* _Task directions_:
Pull out of the data below the stretch of lines bounded by the one containing "Deniz kenarındaki yeşil yosun plajı" and the one containing "Angew. Chem | 量子化学计算解析不对称1,3-环加成反应机理", both bounds included, unchanged.

(Data extract begins)

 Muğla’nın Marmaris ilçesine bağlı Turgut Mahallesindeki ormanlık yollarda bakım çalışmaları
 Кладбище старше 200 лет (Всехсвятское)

(Data extract ends)
(Data extract begins)

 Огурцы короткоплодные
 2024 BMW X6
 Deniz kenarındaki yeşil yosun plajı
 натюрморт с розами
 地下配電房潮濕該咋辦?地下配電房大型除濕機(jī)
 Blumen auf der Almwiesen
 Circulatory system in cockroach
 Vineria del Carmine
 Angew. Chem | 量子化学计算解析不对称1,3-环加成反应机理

(Data extract ends)
(Data extract begins)

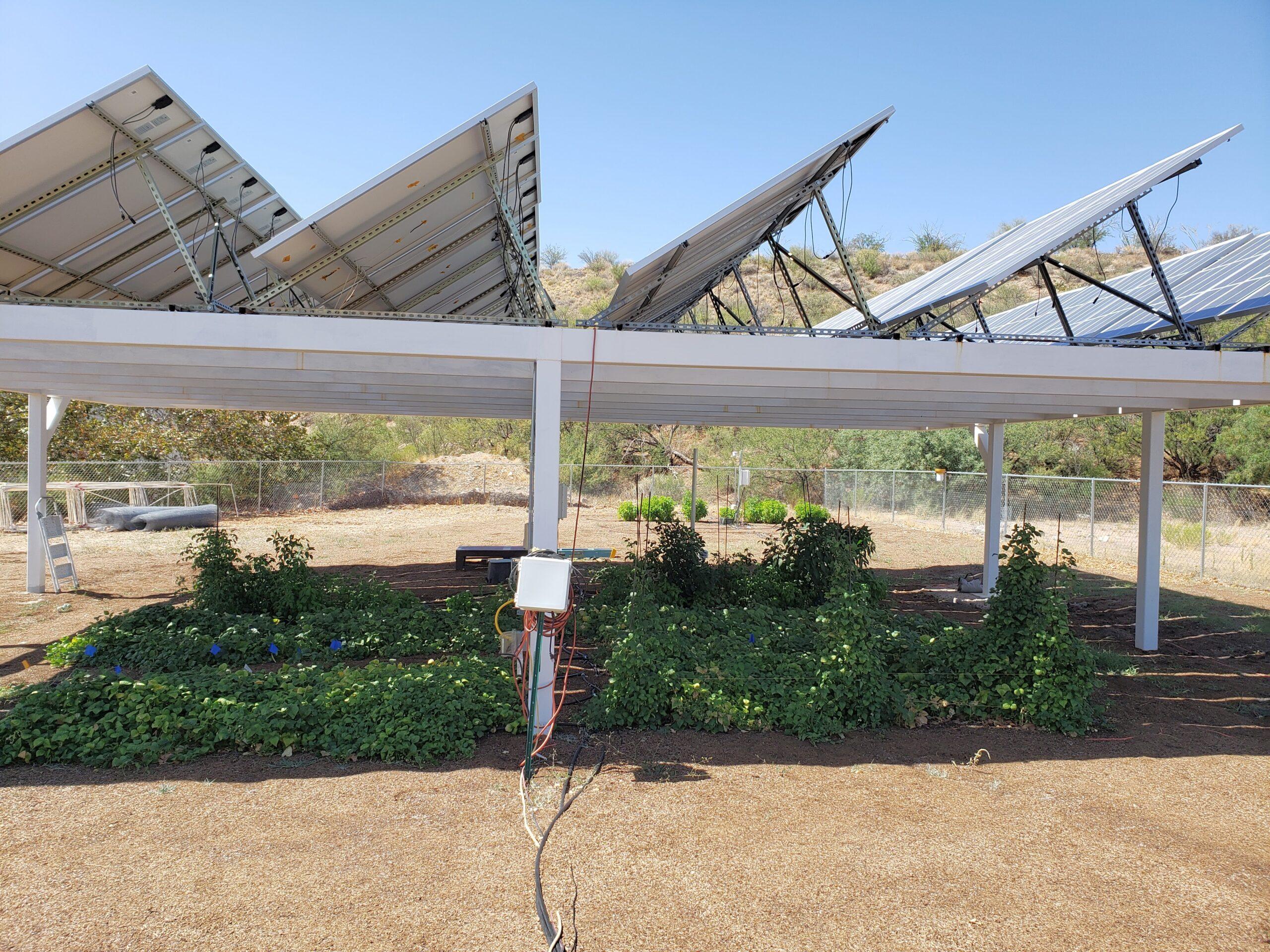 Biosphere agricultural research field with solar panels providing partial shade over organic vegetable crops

(Data extract ends)

* _Output for this exercise_:
 Deniz kenarındaki yeşil yosun plajı
 натюрморт с розами
 地下配電房潮濕該咋辦?地下配電房大型除濕機(jī)
 Blumen auf der Almwiesen
 Circulatory system in cockroach
 Vineria del Carmine
 Angew. Chem | 量子化学计算解析不对称1,3-环加成反应机理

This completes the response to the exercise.